In der queeren Community haben wir uns viele Jahre lang darauf verlassen, dass Vielfalt zu dem neuen Normal einer offenen Gesellschaft geworden ist. Doch die Rückschläge werden sichtbarer und spürbarer. Ich beobachte, dass manche sich ins Private zurückziehen, viele vorsichtiger werden, wo und wie sie erkennbar queer auftreten. Welche Mechanismen haben wir als Einzelne und als Community, um hier resiliente Strukturen zu entwickeln? Welche Netzwerke haben wir (noch) und welche Netzwerke müssen wir wieder aufbauen?
In der Tradition unseres Glaubens entdecken wir immer wieder Zeiten, in denen Menschen durch Krisen herausgefordert waren, und getragen von Gottes Geist resiliente Strukturen aufgebaut haben. Das babylonische Exil (597 – 539 v. Chr.) war solch eine große gesellschaftliche Krise: Jerusalem und der Tempel waren nahezu komplett zerstört, die Oberschicht ins Exil deportiert – nach der theologischen Tradition der Zeit ein sicheres Zeichen dafür, dass ein Volk von seinem Gott verlassen ist.

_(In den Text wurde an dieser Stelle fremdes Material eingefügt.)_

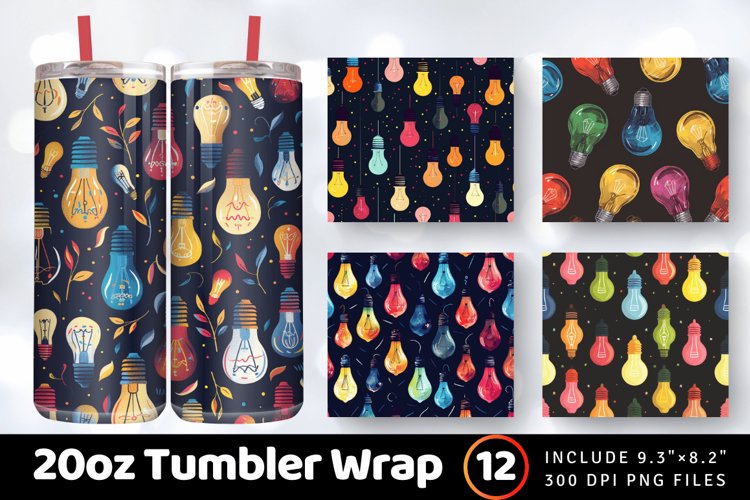 Colorful Lightbulbs Tumbler Wrap, 20oz Skinny Tumbler Wraps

In Babylon aber treten Propheten wie Hesekiel und der jüngere Jesaja auf, die weiter mit der Gegenwart Gottes rechnen. Hesekiel beschreibt in sehr eindrücklichen Bildern, wie Gottes Herrlichkeit (also sein Geist) sich aus dem (zerstörten) Jerusalemer Tempel erhebt und nach einer Reise durch die Lüfte sich bei den Exilierten in Babylon niederlässt (Hes 10 und 43).
Mutmacher für individuelle Resilienz sind für mich immer wieder die Psalmen. Häufig nämlich blicken die Betenden dort auf Situationen extremer Not oder existenzieller Krisen zurück, die sie durch- und überstanden haben – getragen durch Gottes Geist, wie sie im Rückblick sagen. Der Rückblick mündet in einen Lobpreis, der wirklich ansteckt und Mut machen kann – zum Beispiel im Psalm 30:
2 Ich preise dich, HERR; denn du hast mich aus der Tiefe gezogen und lässest meine Feinde sich nicht über mich freuen. 3 HERR, mein Gott, da ich schrie zu dir, machtest du mich gesund. 4 HERR, du hast meine Seele aus dem Reich des Todes geführt; du hast mich aufleben lassen unter denen, die in die Grube fuhren. 5 Lobsinget dem HERRN, ihr seine Heiligen, und preiset seinen heiligen Namen! 6 Denn sein Zorn währet einen Augenblick und lebenslang seine Gnade. Den Abend lang währet das Weinen, aber des Morgens ist Freude.